The Freelancer’s Cheat Sheet for Collections
Collections — even the mention of that word puts a sad look on any freelancer’s face. We’ve all wound up with a client who simply failed to pay up. The simple truth is that we’ll probably see more down the road, as well.
There’s no set signals that we can look for that will tell us if a given client will pay or not. There are certainly plenty of jerks out there, but there are also plenty of people who just find that their own cash flow didn’t work out the way they expected. You’ve got to be willing to act on the problem, either way, rather than sitting around hoping that they’ll cut you a check some day. Here are concrete options that you can take.
- Keep contacting your client: It’s true that the squeaky wheel gets the grease. If you keep calling, sending notices of unpaid invoices and generally staying in close contact, you may get money just to make you go away. Provided that you’re polite about it, feel free to make a nuisance of yourself — such as by calling their office every day until you get paid.
- Offer new payment terms: If the situation is such that you know your client is willing to pay but just can’t right now, offer new payment terms. Tell the client that you’ll take payments spread out over time or some other arrangement. Don’t make it a habit, though.
- Ask a lawyer to write a letter: While you have to be able to back up a lawyer’s letter to make it truly effective, just hearing that you’re willing to get a lawyer involved can be very motivating to clients who need to send you money.
- Visit your client’s office: It’s much harder to tell someone that they’re not going to get their money in a fact-to-face situation and, if you’re willing to sit down and refuse to move until you receive payment, you may be able to get it. Be careful how you handle such situations, however — depending on the circumstances, the owner of the office you’re visiting can call the cops and report you for trespassing or causing a disturbance.

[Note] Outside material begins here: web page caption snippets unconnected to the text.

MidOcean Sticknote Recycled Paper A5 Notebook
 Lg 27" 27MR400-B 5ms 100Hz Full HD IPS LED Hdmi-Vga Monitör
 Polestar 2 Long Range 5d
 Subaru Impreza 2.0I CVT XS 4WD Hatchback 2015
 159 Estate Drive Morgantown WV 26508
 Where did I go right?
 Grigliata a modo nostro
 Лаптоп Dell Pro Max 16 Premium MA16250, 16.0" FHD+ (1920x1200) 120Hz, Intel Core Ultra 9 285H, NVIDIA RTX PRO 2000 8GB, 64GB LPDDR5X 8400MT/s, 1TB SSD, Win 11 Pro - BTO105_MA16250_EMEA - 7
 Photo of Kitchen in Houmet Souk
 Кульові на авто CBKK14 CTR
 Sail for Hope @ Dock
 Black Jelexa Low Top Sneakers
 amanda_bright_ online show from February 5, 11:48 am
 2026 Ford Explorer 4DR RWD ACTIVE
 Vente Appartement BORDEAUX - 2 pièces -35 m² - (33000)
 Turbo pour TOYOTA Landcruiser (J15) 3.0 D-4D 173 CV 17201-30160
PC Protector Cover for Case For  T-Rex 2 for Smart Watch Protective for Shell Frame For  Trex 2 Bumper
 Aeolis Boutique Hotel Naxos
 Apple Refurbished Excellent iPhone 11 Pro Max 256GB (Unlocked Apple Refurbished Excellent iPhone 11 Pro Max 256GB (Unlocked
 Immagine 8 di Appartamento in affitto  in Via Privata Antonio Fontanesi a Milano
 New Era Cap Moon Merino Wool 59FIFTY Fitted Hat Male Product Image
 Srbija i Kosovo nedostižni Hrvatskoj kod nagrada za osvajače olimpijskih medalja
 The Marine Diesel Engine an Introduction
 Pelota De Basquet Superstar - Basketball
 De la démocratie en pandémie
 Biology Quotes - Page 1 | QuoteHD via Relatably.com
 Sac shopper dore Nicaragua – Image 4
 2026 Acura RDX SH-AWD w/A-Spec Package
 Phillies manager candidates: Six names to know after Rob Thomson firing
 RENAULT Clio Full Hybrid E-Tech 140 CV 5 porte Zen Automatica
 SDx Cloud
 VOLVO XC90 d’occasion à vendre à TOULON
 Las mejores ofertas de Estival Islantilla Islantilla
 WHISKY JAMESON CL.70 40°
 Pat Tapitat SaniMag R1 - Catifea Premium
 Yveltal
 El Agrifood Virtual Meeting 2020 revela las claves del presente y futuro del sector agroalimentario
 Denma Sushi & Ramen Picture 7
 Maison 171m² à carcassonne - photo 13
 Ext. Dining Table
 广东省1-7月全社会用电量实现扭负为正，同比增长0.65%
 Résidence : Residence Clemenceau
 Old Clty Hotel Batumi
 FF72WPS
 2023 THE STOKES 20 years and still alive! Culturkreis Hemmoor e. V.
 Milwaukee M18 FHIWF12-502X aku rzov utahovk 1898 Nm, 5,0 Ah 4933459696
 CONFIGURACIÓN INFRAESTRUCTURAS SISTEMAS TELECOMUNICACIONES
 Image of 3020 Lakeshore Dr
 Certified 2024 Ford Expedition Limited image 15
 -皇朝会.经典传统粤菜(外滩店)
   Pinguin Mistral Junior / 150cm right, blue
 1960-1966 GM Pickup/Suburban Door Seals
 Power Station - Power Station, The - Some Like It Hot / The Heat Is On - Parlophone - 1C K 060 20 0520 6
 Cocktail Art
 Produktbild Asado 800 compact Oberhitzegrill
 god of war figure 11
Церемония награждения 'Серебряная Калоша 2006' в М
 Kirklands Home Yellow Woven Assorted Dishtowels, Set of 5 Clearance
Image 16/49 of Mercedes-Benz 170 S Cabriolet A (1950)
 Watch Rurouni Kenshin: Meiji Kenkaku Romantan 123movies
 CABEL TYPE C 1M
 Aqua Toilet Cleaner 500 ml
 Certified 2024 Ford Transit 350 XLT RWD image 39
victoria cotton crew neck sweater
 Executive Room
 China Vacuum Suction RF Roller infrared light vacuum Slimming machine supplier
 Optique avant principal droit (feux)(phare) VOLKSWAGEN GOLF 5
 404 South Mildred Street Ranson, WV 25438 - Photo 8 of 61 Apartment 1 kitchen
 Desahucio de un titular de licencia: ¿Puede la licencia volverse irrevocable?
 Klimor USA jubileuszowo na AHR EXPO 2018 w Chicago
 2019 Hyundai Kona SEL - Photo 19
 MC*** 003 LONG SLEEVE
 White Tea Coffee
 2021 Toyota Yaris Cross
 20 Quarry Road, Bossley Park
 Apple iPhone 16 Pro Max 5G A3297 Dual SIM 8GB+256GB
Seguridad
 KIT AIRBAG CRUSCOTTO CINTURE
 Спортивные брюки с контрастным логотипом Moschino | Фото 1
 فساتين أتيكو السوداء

- Take them to small claims court: Provided that your client is located fairly near to you, it may make sense to simply take the matter to court. If it’s a sizable project, it may be worth traveling in order to bring the matter in front of a judge.
- Ask the client to return the work: If the client hasn’t paid for the work, he shouldn’t be using it. Some clients will continuing using work anyhow, but that opens them up to questions of copyright infringement since they haven’t properly licensed the work. I wouldn’t do it except in extreme cases, but that means that you can send a take down notice to their ISP if they’re using your work online.
No matter how frustrated you are about an unpaid invoice, you never want to open yourself up for legal action. You absolutely have to take the high road: don’t bad mouth your client, take any of their property or even make a scene at their offices. All those situations open you up to legal action — you may get your payment, but it could get eaten up by your own legal fees. The trick is to be persistent but polite, no matter what.